The Segregated Media Says It’s All Roseanne’s Fault

Beginning in 1968 and until 2005, I held classes in Literature and writing at the University of California at Berkeley. Once in a while, I ran into a student who tried to get a rise out of me by writing a racist story or making a racist comment. I’d instruct the class that they could write all of the racist stories that they desired as long as they were fresh and original. That would usually end these clumsy efforts.

One day, I came to class and found written on the blackboard: “Dinner with Professor Reed, bring your own watermelon.” I told the class that the creator of this comment should come to my office or I’d turn him over to the Dean. I knew the identity of the person. He finally showed up. I told him that if he worked as an apprentice to the playwright Ed Bullins, who was preparing a play for production at Berkeley’s Black Repertory Group Theater, I wouldn’t report him. I thought that he’d get a position as a member of the crew. About ten weeks later, I saw the play. Ed Bullins had given him a role.

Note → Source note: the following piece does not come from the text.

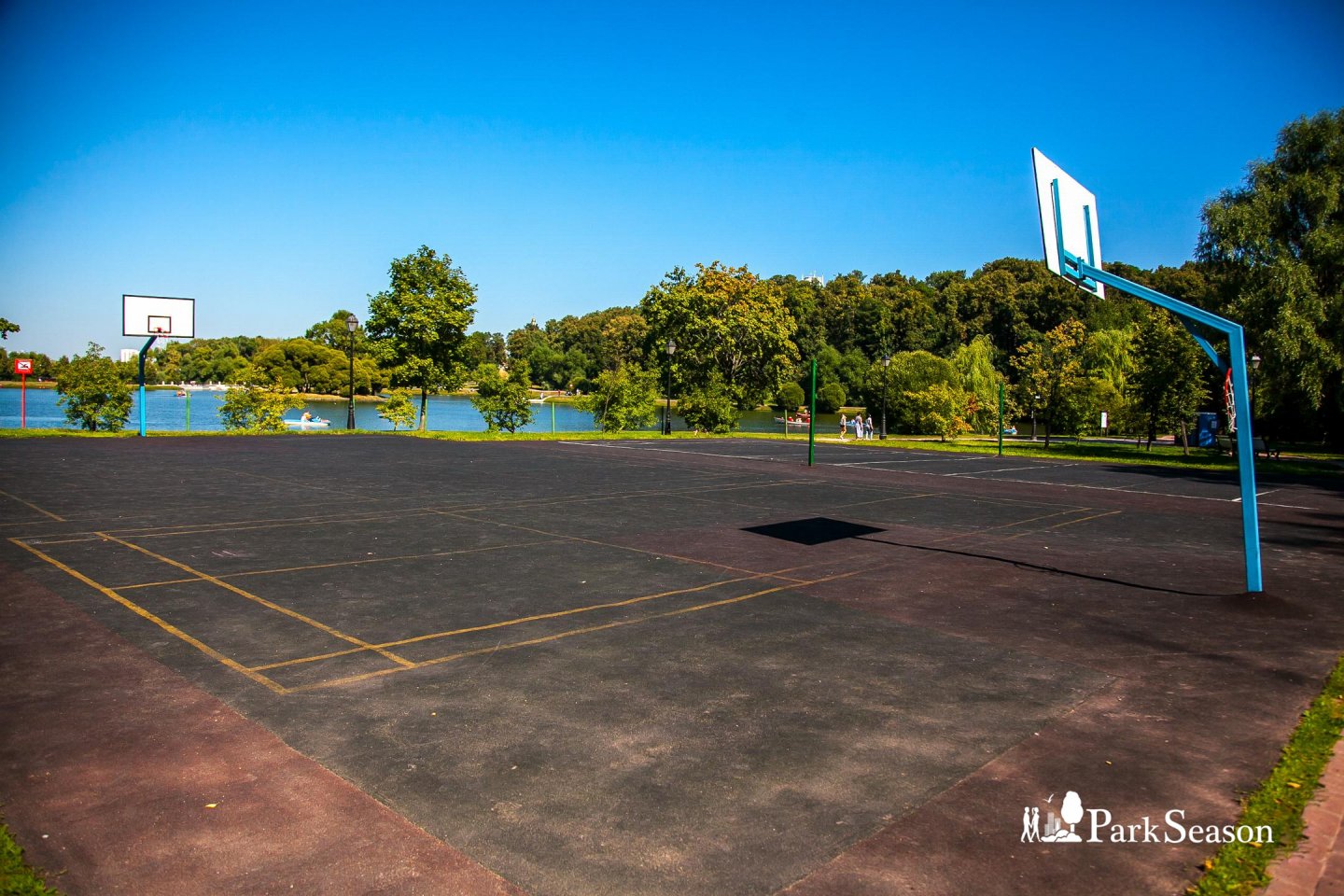 Баскетбольная площадка, Музей-заповедник «Царицыно», Москва — ParkSeason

I never saw the student after he graduated. I don’t know whether his experience in Black theater and working with a Black playwright changed his mind about race. But I suspect that he, like many White students, who were raised in California towns, some of which were former Sun Down Towns, and like-minded people whom I have encountered Europe, Asia, and Africa, received all of his ideas about race from American film and television. Though ideologues might view Hollywood as “liberal,” the industry has produced a lot of films in which Blacks and Browns are dealt vigilante justice. One of the favorite genres is that of a detective who has to surrender his badge for using excessive force whereupon he’s free to go on a rampage of cracking heads. The much-admired film, “Crash” justifies police brutality and stop-and-frisk sexual molestation.

Roseanne did not invent the idea of Blacks as animals. You can blame some of the thinkers from the Enlightenment. Voltaire, for example, did not distinguish between Black men and apes. The Puritans arrived with the idea that North America, according to William Bradford in his 1650 “Of Puritan Plantation,” was “devoid of all civilized inhabitants and given over to savages, who range up and down, differing little from the wild beasts themselves.” Animal imagery was often used to describe president Michelle and Barack Obama.

But I find the hand-wringing from members of the Fourth Estate, the very ones who exhibit stereotypes of Blacks to hundreds of countries, to be hypocritical. Given the segregated media, most of the comments about Roseanne’s outburst were dominated by White pundits and reporters. On one panel, a smug Rich Lowry of The National Review became the judge of what constituted White Supremacy, when the magazine where he works was founded by an Anglo-Irish White supremacist. The few Blacks who were allowed on TV were preaching to what James Baldwin called “The Chorus of Innocents,” who, in his The Fire Next Time, were offered redemption. Mara Gay of The New York Times editorial board preached redemption as a possible deliverance for Ms. Barr and the next morning, Eugene Robinson, one of the token minority members of “Morning Joe,” used the same word.

Of course, Baldwin got tired of redeeming people and ridiculed “The Chorus of Innocents” in his best novel, Tell Me How Long The Train’s Been Gone. He was deemed ungrateful by his former patrons, and Mario Puzo was chosen to do the Times’s hatchet job on the book, maybe because Baldwin’s Italians are more complex than his.

MSNBC, which did a lot of sanctimonious hectoring of Roseanne has a series called “Lockup” in which viewers are invited to gawk at prisoners who are exhibited like animals in a zoo. Maybe that’s where Roseanne Barr got her ideas.

In 2007, my daughter Tennessee and I were guests of Roseanne Barr’s Las Vegas radio show. I agreed to go on because Tennessee was a big fan of the actress. A CD of the broadcast is among her prized possessions. During the show, Tennessee, who received a Master of Fine Arts degree at Mills College, with an emphasis on poetry, read a lengthy poem about a polar bear whose life was confined to a zoo.

At the end of the show, Roseanne asked me what could be done to solve the problem of racism. I said that education would help. I don’t know about Roseanne’s views about race before or after that show, but since then I’ve had second thoughts about my advice. The kind of education offered by American universities and colleges might even harden her racist views. Those who believe that American colleges and universities are overrun by politically correct radicals haven’t consulted college catalogues. Were they to do so, they’d discover that something American scholars call Western Civilization is dominant and that White Pride is supported in the Humanities divisions. Moreover, radicals of the kind that were present on campuses in the 1960s now can’t afford to go to college.

Some of the schools use “Gone With The Wind” to cover Reconstruction. In this film, enslavers are referred to as merciful “Knights and Ladies.”  Maybe, like my student, Roseanne should consult places where Blacks define themselves instead of having their experience interpreted. One such place is the Black Theater, which, like other ethnic theaters, is close to extinction. They need help. Maybe this is a where she can begin her redemption.